After a quick detour into weird SUV design, Automobili Pininfarina is back, and in top form. Leaving those chunky utility curves behind like a ruffled, oversized suit on the changing room floor, the famed Italian brand has unveiled the all-new B95, a sleek, airy hypercar it calls the world’s first pure-electric open-top hyper-barchetta. As the car vectors torque from its massive 1,877-hp electric drive toward a sub-2-second 0-60-mph (96. 5-km/h) sprint, the two occupants can deflect the breeze with a world-first adjustable-windscreen system.
Pininfarina insists that the Pura Vision design study influenced the B95, but outside of the rounded nose and razor-thin headlamps, it feels like it shares far more DNA with the equally fast, flashy Battista. It was the latter that provided the large recess in the hood that is the foundation for the most striking feature of the barchetta – body-piercing grilles rising up from the hood. This looks like it’s something that would be found on a high-end electronics or computer air cooling system.
The high-arching front wings are linked to the muscular rear fenders via clean, straight sides accentuated by flat character lines and carbon skirts. Bulging protective domes rise up behind the two seats, adding what little height the glasshouse-free speedster can muster.
While the car has no roof, Pininfarina’s aeroscreens are adjustable. Inspired by vintage fighter planes, the bubble-like clear polycarbonate screens can be individually adjusted to each occupant’s liking, ensuring a bit of personalized comfort at speeds up to 186 mph (300 km/h).
Below its glossy bright yellow and charcoal skin, the B95 borrows the Battista’s all-electric powertrain, tuned specifically for the new host. The quartet of motors produces 1,877 hp (1,400 kW) and masses of torque distributed out through a vectoring system. The driver can adjust the ride by selecting from five different modes on the dial at their fingertips.
Pininfarina promises sub-2-second 0-60-mph acceleration in addition to the 186-mph top speed. The liquid-cooled lithium-ion battery takes as few as 25 minutes (at 270-kW charging rate) to leap between a 20 and 80% charge of its 120-kWh capacity.
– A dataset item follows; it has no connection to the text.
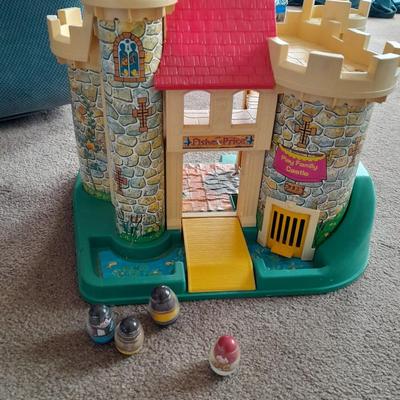 1974 FISHER PRICE PLAY CASTLE 993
A roadster of this caliber deserves an interior that is as unique and handcrafted as it. Pininfarina gave the interior design the weight to match. It starts with classic racer-inspired seats that cosset driver and passenger in soft, luxurious tan leather sewn together with contrast stitching. The seats are then topped with head and shoulder rests wrapped in a lively houndstooth-patterned textile.
Directly ahead of the two B95 occupants, the lower carbon dash is styled to look like an extension of the distinctive bodywork separated only by a slice of seat-matched leather. While the angling on the instrument panels encourages drivers to look ahead with focus, the subtler angling on the controls and center console separates pilots from copilots.
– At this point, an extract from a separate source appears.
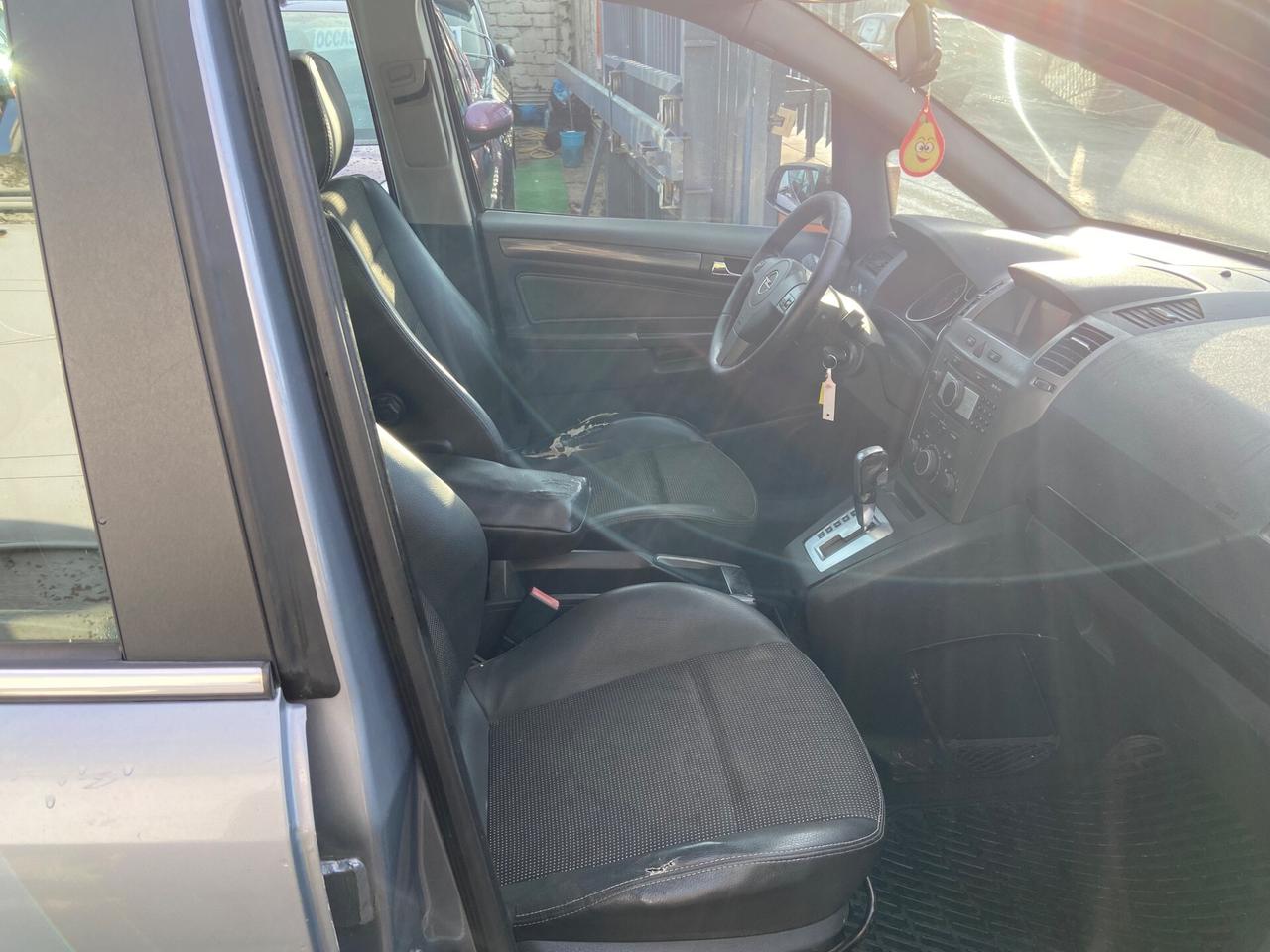 Opel Zafira 1.9 CDTI 101CV Club automatica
As you likely already guessed, the „B“ stands for Barchetta. The „95,“ meanwhile, identifies the 95th anniversary Pininfarina will be celebrating when the B95 goes into production in 2025. And that production will be limited to a mere 10 bespoke hand-crafted examples, each wearing a base price tag of EUR4. 4 million (approx. US$4. 7 million).
Automobili Pininfarina will show the B95 to the car aficionado public at this weekend’s Monterey Car Week gatherings, where it will also be showing the Pura Vision design study and the special-edition Battista Edizione Nino Farina GT.